(GIVEN DATA Opens)

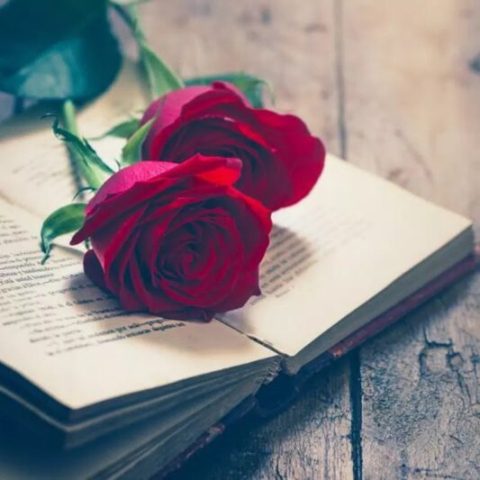 دانلود آهنگ ترکی تورکان ولیزاده بو گجه بیزیم گجمیز اولسون اولسون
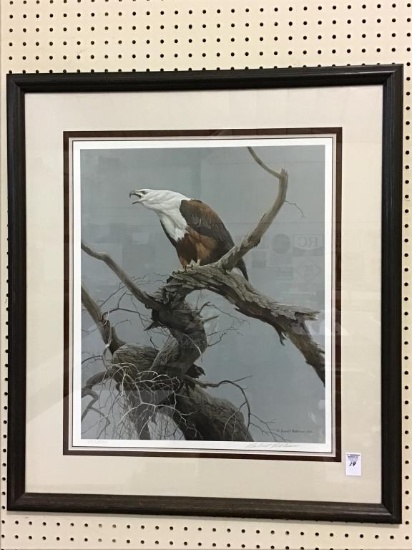 Framed. Signed & Numbered African Fish Eagle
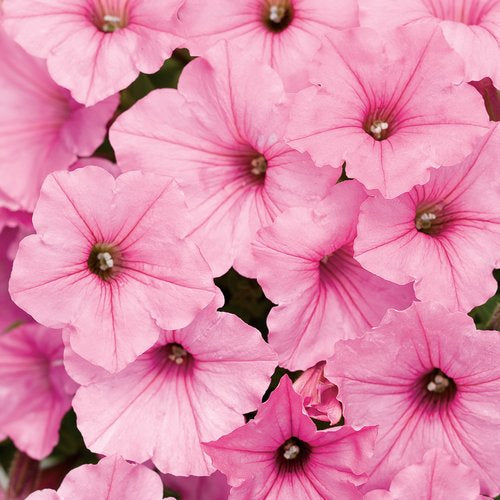 Petunia, Supertunia Vista Bubblegum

(GIVEN DATA Closes)

AIM OF THE TASK —
Exactly repeat only the lines from the one with "Framed. Signed & Numbered African Fish Eagle" to the closing line above, both included, and omit every picture.

SOLUTION BELOW —
 Framed. Signed & Numbered African Fish Eagle
 Petunia, Supertunia Vista Bubblegum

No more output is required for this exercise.